Julia Astreou is more than a weaver; she is rather a visual artist that happens to work with textiles. Her works have been presented at the International Tapestry Triennial in Poland, as well as a number of other important exhibitions in her field. She is also a painter, and many of her paintings hang in the room, revealing their maker’s eye for colour balance and love for the human form and natural landscapes. Some of her paintings share their subject with her textiles, like for example the Akamas series of seascapes that has also inspired delicately crafted cushions referencing the colours and textures of the shores in the Cypriot peninsula of Akamas. Having spent all my childhood summer holidays there, I can confirm that the details in these cushions accurately capture the glistening multi-coloured pebbles found on the beaches there—itself a difficult task for any artist, let alone one working with textiles!

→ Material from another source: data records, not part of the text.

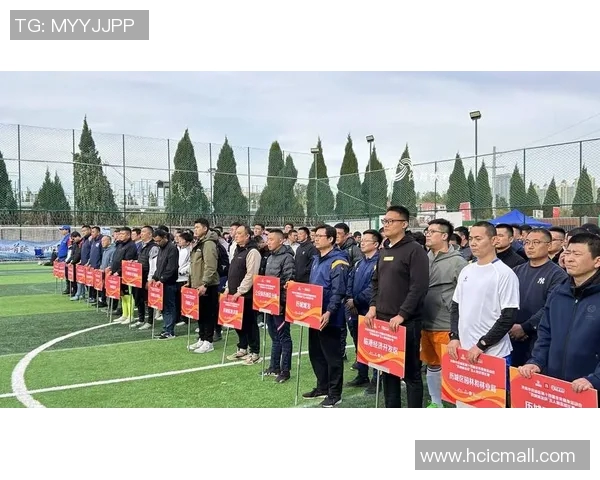 穿唐装的足球明星展现传统文化魅力与运动精神的完美结合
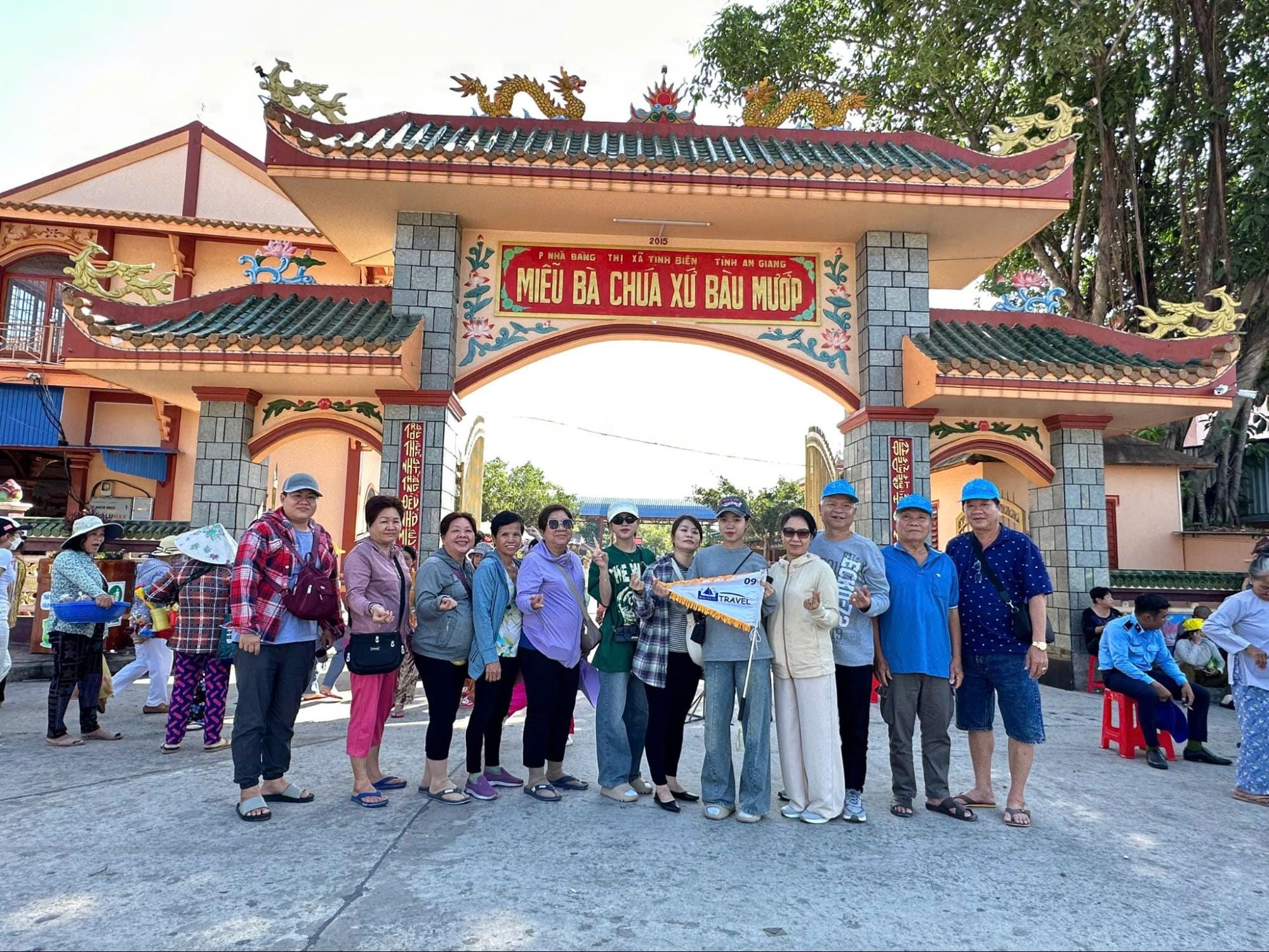 Miếu Bà Chúa Xứ Bàu Mướp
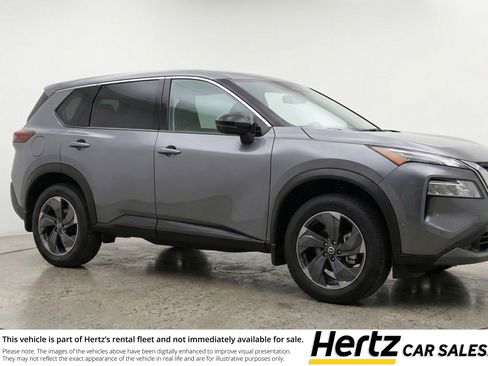 Used 2025 Nissan Rogue SV FWD image 1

A second room in the workshop is where Julia Astreou keeps her four traditional Cypriot looms, bought from different parts of the island and all in perfect working condition. She explains how she weaves the fabrics by hand from scratch: she first weaves the long cotton warp outside under the arcade of her courtyard, and then experiments with different weaving techniques and materials until she finds an interesting idea to work with. Already a master of traditional techniques like asproploumia (a kind of weaving using threads of different thickness) and fythkiotiko (the famous colourful patterns from the village of Fyti, listed in UNESCO’s intangible heritage lists), Julia Astreou incorporates tradition into her own expressive work, and combines different references as well from Ottoman and Byzantine embroidery—or even more experimental ideas such as weaving twigs and plexiglass into her tapestries. She likes to work with looms that have four pedals, and comments that “the loom is probably the first computer”; indeed, the sheer amount of calculation and mathematical thinking required to design a textile pattern on these looms is mind-blowing; but it seems to me that it’s not the loom, but the loom master who learns to think and create in ways that a computer could never achieve.

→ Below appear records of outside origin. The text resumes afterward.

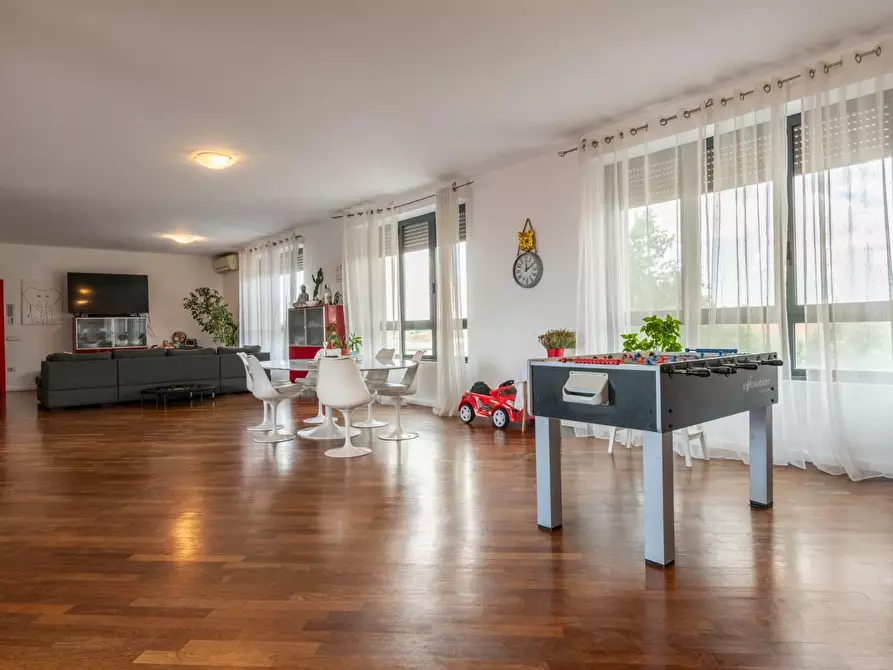 Immagine 2 di Appartamento in vendita  a Cascina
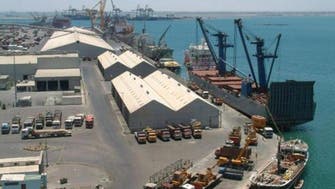 First Saudi oil derivatives worth $60 million arrive at Yemen’s Port of Aden
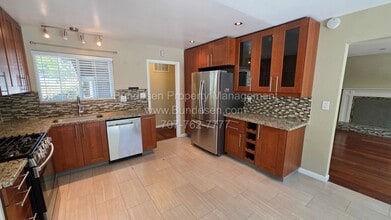 1726 Vallejo St in Santa Rosa, CA - Building Photo - Building Photo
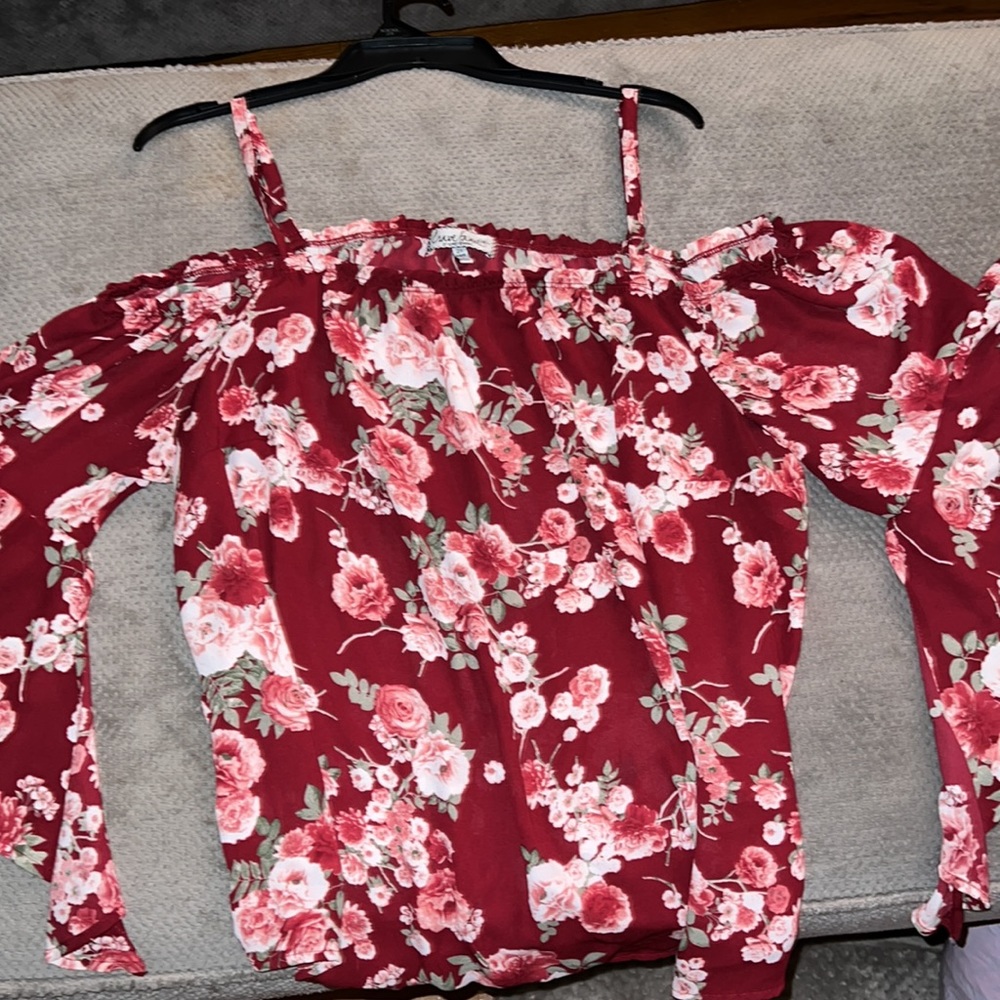 Flowy Off The Shoulder w/ 3 Quarter Length Sleeves Blouse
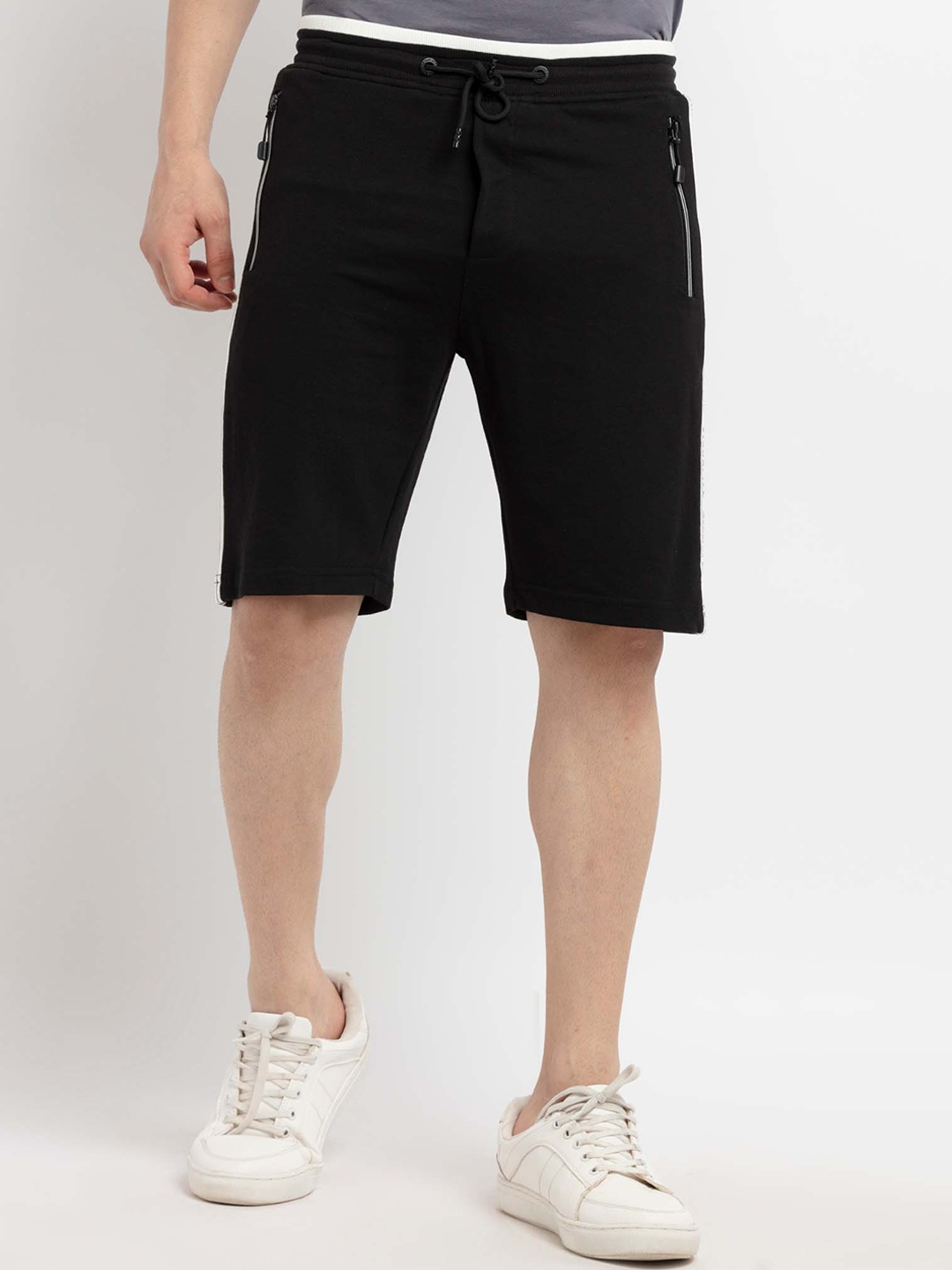 

Status Quo Men Black Solid Mid Rise Regular Shorts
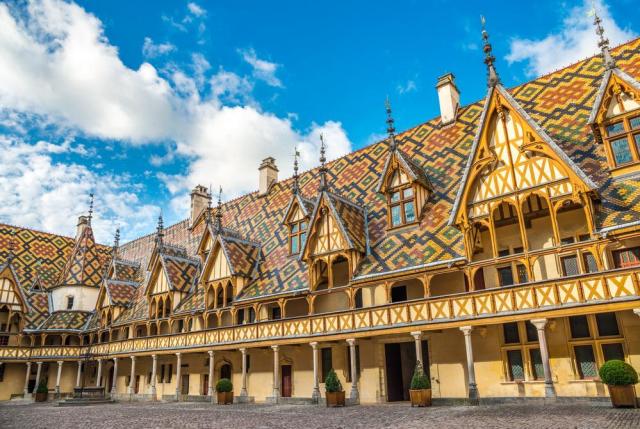 Beaune-shutterstock_551461795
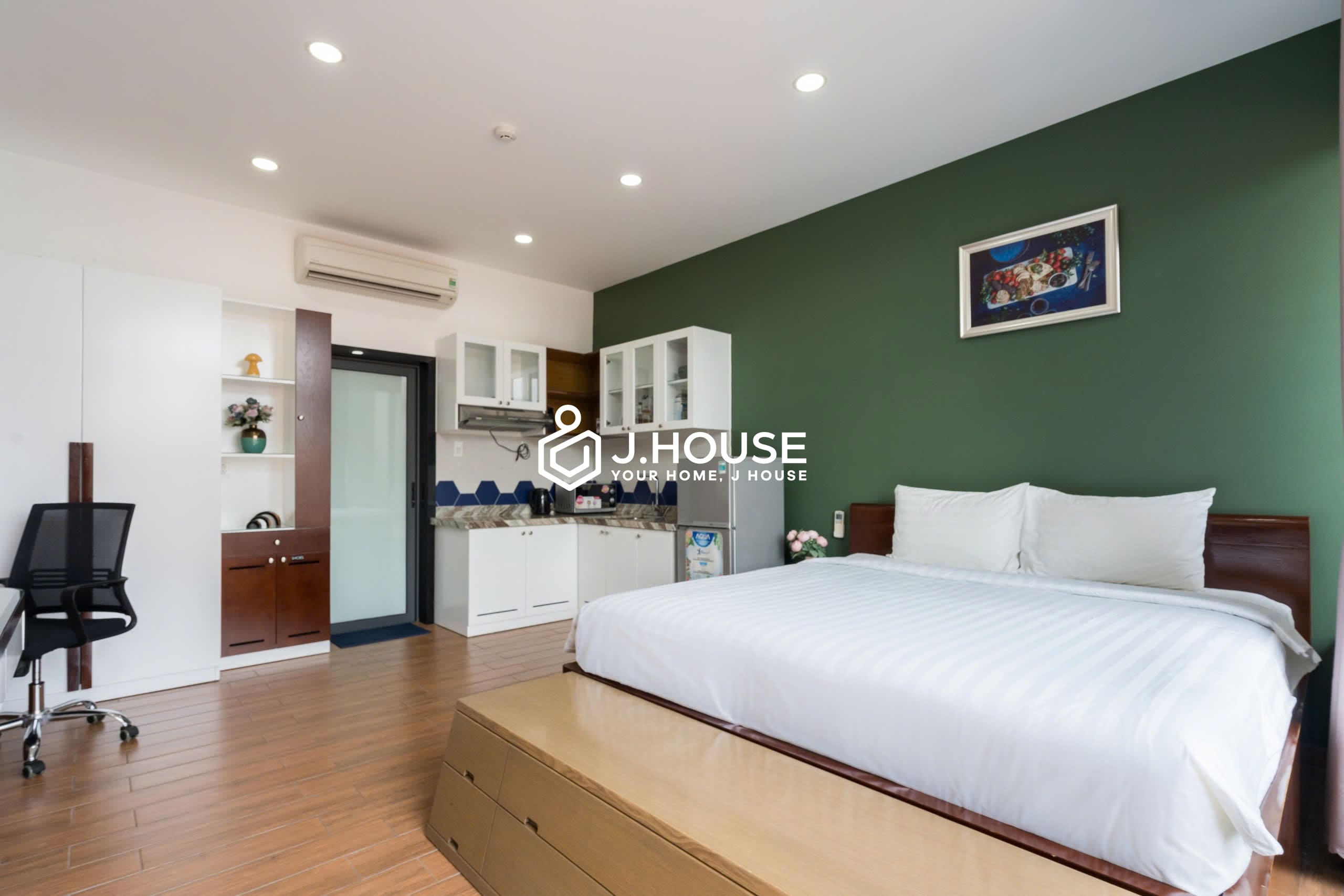 Modern apartment for rent with balcony at The Garden Building, District 3, HCM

Julia Astreou’s latest collection of cushions features designs inspired by science and scientific patterns. Here, the mathematical framework behind these textiles is taken a step further, with patterns that look like wave lengths, frequencies and other scientific visualisations of the natural world. “Perhaps”, Julia Astreou muses, “the principles that run through physics are the same in design”, and in the way she says it, surrounded by dozens of square meters of hand-woven math, you can’t help but take her word for it. Daphne Christoforou, Julia Astreou’s daughter and award-winning illustrator, shares the workshop with her mother and has set up her little studio upstairs, in a room looking out onto the village square and the church. When she’s not working on commissions, she helps her mother promote her work on social media and her website. As I sip my coffee in the courtyard, I must say I felt a sense of joy for this mother and her daughter, the youngest in a line of five generations of women working in these very rooms, sharing knowledge and expertise. But can this time-consuming, handmade craft survive in a world of machines? “It depends who your target group is”, says Daphne, and I have to agree. There will always be people interested in the handmade and the unique, and hopefully more people will be curious to discover the secrets of traditional textile making. In which case, Julia Astreou’s workshop in Kaïmakli is the best place to start.